# Problema con sintesis ( VHDL ) !!



## Bender (May 18, 2006)

Hola a tod@s !! 
Alguien programa en VHDL?? 

Yo llevo poco tiempo haciendolo y me gustaría q alguien pudiera asesorarme en un problema q me ha salido practicando. 

Estoy programando con Xilinx ISE 8.1i y al sintetizar un programa "bastante sencillo" me da un error q no soy capaz de solucionar, y me gustaría saber si alguien podría ayudarme u orientarme hacia una posible solucción. 

Tengo una entidad en la que llamo a dos componentes definidos en otras entidades, 
la salida de uno de ellos es la entrada del otro, 
y por separado los dos componentes se sintetizan sin ningún problema. 
Pero al intentarlo todo junto recibo este error: 

ERROR:Xst:2035 - Port <clk> has illegal connection.

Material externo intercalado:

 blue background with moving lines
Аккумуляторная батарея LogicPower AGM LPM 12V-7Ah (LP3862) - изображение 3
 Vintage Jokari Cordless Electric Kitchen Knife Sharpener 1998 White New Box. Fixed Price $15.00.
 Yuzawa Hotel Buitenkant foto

Port is connected to input buffer and following ports: 
Port C of instance GENERADORE/Vm_sine_1/BU14 in unit GENERADORE/Vm_sine_1 with type FDE 
CPU : 60.42 / 61.38 s | Elapsed : 61.00 / 62.00 s 

"GENERADORE" es el nombre de mi primer componente ( cuya salida es la entrada del otro ), y como ya he comentado antes este componente se sintetiza y se implementa sin problemas cuando va solo, 
No es muy raro?? 

He intentado entender lo q sucede leyendo la explicación en la "ayuda a errores" q contiene el programa y preguntando a más gente pero no consigo dar con la solucción. 

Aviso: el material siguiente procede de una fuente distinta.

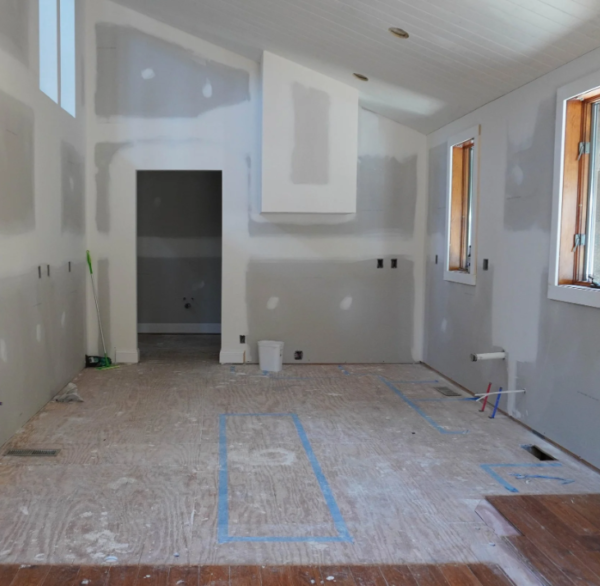 Property Renovation Finishing Package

Agradeceria si alguien pudiera ayudarme 
ADIOS!! y gracias


----------



## trujillo (Jun 6, 2006)

Si publicas el codigo seria mas facil ayudarte. Ya que solo con el error no seria posible determinar la causa porque nunca me ha sucedido. y ademas no utilizo xilinx sino actel,  pero el lenguaje es el mismo.

Saludos


----------



## ramiweb (Jun 14, 2006)

Quizas has utilizado sentencias VHDL que existen en el lenguaje pero no estan permitidas para sintesis.
Miralo por si acaso.


----------



## perassbal (May 17, 2010)

Hola tengo varios me salen varios Warnings a la hora de sintetizar en xilinx. Os dejo los warnings que me salen, si me podeis ayudar

:Xst:2211 - "C:/Xilinx/PFC_3/dist_eu_2.vhd" line 272: Instantiating black box module <raiz_1>.


Xst:1988 - Unit <caminonuevo>: instances <Mcompar__cmp_gt0002>, <Mcompar__cmp_le0002> of unit <LPM_COMPARE_4> and unit <LPM_COMPARE_6> are dual, second instance is removed


----------